Custom Made” Defined
At its finest, “custom made” employs the same techniques and produces garments of comparable quality to those of the French couture houses. The terms ‘couture’ and ‘custom’ have been bandied about by the wedding industry so much so that they have lost their rich meanings. The process a dressmaker undertakes to create a custom gown follows a series of labor and time-intensive steps. Be cautious of these terms and how they are used when interviewing a designer/dressmaker.
“Custom made” starts with a personal design consultation meeting. The designer reviews clippings the bride has brought and listens to the client. She may produce sketches on the spot. Scale, proportion, silhouette and appropriateness of the style for the event and venue are considered. The designer guides the bride through fabric and color options, discussing how various fibers behave, and then offers advice on embellishment and finesse touches. Measurements are generally taken at this meeting over the actual undergarments a bride will wear.
On her next visit, the bride will try on a muslin fitting shell. The purpose of the shell is varied: it allows the designer to note slight left – right side body variations, it helps identify fitting challenges, and when perfected, is used as the basis for the first sample. This first sample will also be produced in muslin fabric. Muslin is an affordable basic cotton woven fabric, but the term muslin can also refer to any affordable fabric with similar hand and drape characteristics of the final garment.
The first sample affords the bride an initial glance at the entire design. She can check comfort and fit, scale and silhouette. The beauty of custom is that fit adjustments and design changes can be made along the way. Working with the designer, the bride can request changes to her specification. The designer checks seams, fit and ease. She balances the design and judges the garment from all angles when the bride is standing, sitting and walking.
The next step in the custom made process is taking the muslin pattern and translating it into the bride’s decadent silk or brocade or taffeta. It is at this fitting that the bride has a first opportunity to see and feel her gown in the chosen fabric. Minor fit adjustments are the norm as muslin does not have the same characteristics as the final fabric.
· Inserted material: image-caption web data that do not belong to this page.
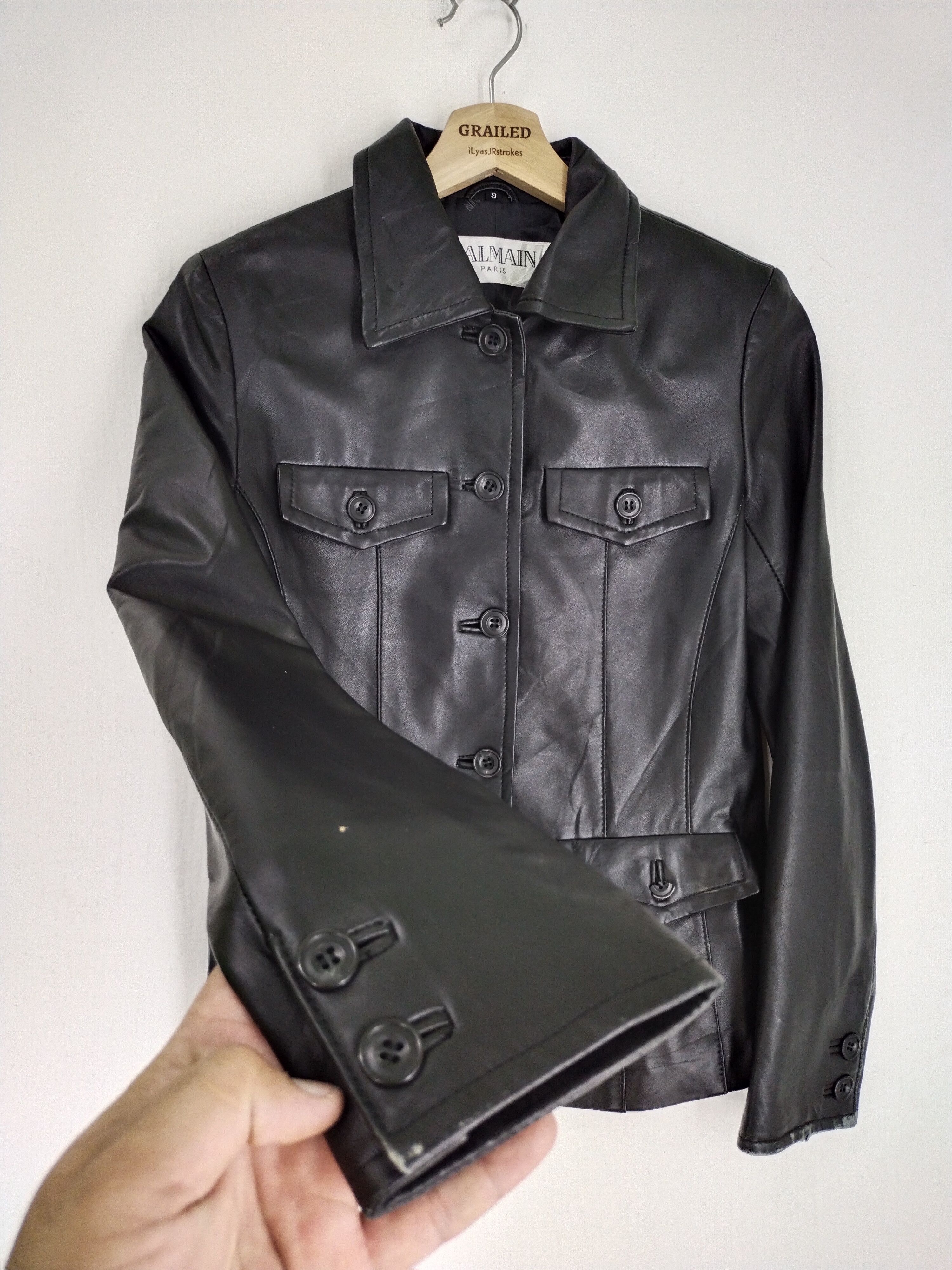 Balmain VINTAGE BALMAIN COAT JACKET Size S / US 4 / IT 40 - 11 Thumbnail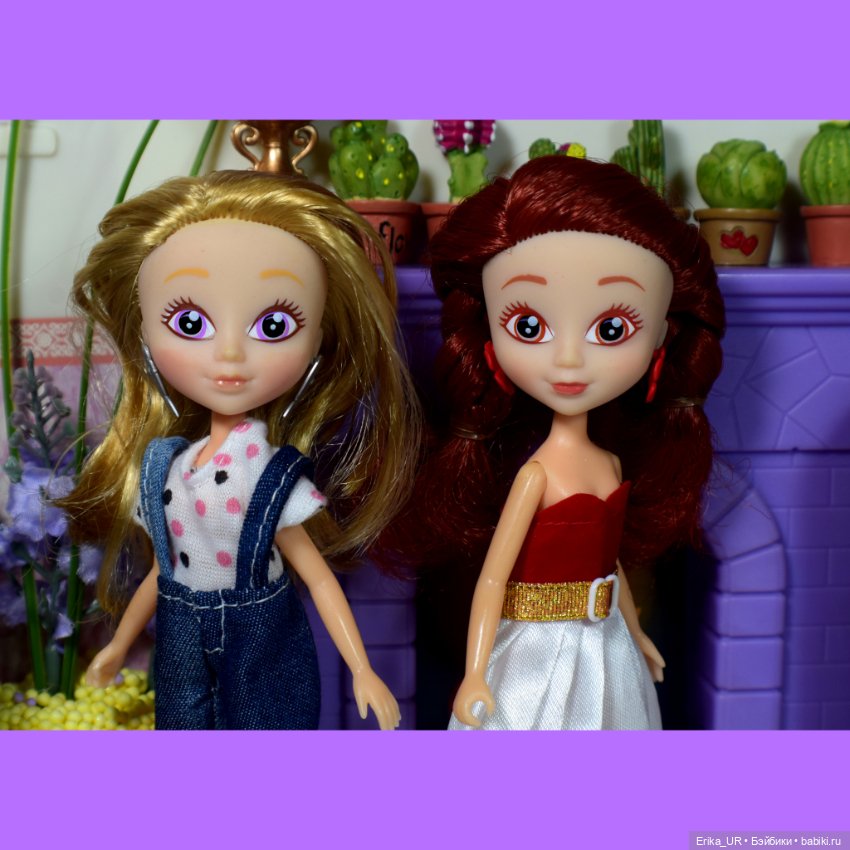 Перепись КуклоНаселения. 3 mini dolls The-Wizard-of-Oz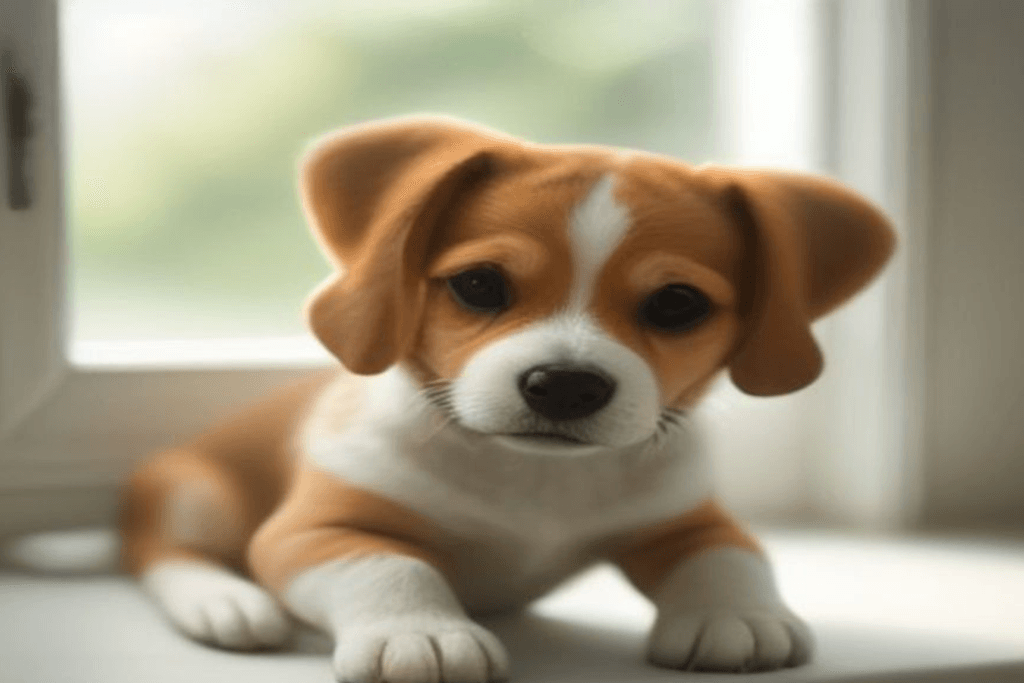 Cleaning a dog's ears safely at home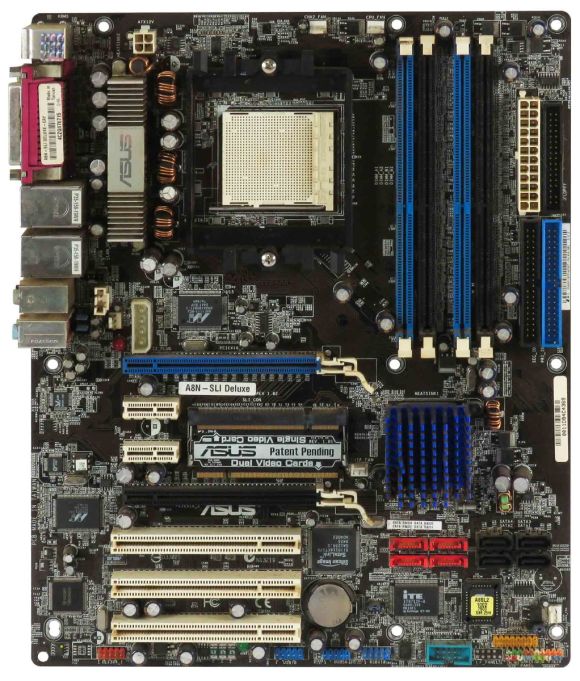ASUS A8N-SLI Deluxe s.939 DDR ATX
Once sampled in the final fabric, the client can decide upon a lower décolletage, a shorter sleeve, a higher waistline or most any other change. She can critically view placement of desired embellishments (lace, appliqué, beading or other trim) and make judgment positioning. At this stage the bride can also decide on petticoats, veil, jewelry and heel height.
Additional fittings to perfect the final gown vary according to the complexity of the style. When complete, the bride is presented with an heirloom-quality garment.
Most designers request a minimum of six-months lead time, although some are able to produce the garment in a shorter timeframe if fabrics and embellishments are readily available. Ample time is required to review and select fabrics, components of the dress may need to be sent out (such as a bodice for hand beading or custom embroidery) and some gowns require special treatments, such as machine pleating, which is usually done off-site.
When your wedding day arrives and you walk down the aisle in a dress that reflects your unique personality, that flatters your features, is comfortable and fits you to a tee, the value of the custom made dress will be apparent.